You're an artist working in a medium of color and light, and fires change the color and change the light so much. How does that change how you do your work?

It changes a lot. It was interesting how much the light changed. When I first came down the hill, it had a thin layer of smoke, which is when I photographed the owl. And then an hour later, the llamas [on the beach] had this orange cast. The smoke started getting thicker. And with my cameras, I could not correct that orange cast. It was just there, and that was it.

Why would you have wanted to change it? It really captures how otherworldly that moment was.

You don't. But it just felt too orange, which was eerie in a way. ... And an hour later, the skies went completely black. I think it was around 1 or 2 o'clock in the afternoon where you had to turn on your headlights, it was so dark.

You've also covered conflicts in Kosovo, Afghanistan and Iraq. How do those experiences compare to covering something like a mass shooting or a horrible wildfire in your own country?

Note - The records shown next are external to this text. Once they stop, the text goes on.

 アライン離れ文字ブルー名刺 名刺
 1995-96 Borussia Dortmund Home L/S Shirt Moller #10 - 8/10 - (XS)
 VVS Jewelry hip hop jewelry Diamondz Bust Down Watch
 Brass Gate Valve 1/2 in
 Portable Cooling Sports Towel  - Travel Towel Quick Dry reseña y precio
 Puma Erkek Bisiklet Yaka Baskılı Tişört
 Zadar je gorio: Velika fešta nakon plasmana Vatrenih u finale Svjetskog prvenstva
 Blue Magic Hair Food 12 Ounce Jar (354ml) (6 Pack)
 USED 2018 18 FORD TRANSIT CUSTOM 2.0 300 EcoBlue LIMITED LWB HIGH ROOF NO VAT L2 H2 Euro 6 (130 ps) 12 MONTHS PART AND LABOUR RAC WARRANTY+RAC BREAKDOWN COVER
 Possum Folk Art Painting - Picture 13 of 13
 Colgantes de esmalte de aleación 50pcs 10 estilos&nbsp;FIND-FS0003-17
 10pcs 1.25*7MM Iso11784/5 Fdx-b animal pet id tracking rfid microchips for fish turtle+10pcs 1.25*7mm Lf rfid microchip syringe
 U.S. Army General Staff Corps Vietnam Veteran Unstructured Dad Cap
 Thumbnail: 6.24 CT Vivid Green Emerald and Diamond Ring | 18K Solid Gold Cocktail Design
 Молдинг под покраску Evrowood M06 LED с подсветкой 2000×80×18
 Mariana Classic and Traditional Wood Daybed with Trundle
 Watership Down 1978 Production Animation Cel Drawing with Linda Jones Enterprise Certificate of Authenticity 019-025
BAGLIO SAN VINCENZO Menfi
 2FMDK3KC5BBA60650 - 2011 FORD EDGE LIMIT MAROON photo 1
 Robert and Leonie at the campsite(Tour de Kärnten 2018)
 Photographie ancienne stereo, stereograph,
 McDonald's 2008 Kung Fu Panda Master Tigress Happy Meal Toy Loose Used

I think it made me stronger. When I first got into the business, I went to a funeral — it was Linda Sobek's funeral [a model and former Los Angeles Raiders cheerleader who was sexually assaulted and murdered], and I actually started crying. I realized I can't do that. I need to block this out and work. At the Thousand Oaks shooting -- I don't want to make this sound insensitive, but I didn't feel anything. I knew I had to work and block everything out. I did that for the past week with the fires and all the devastation and seeing people crying. Once I sit down for a couple days, and if I hear a [sad song], it probably will just hit me.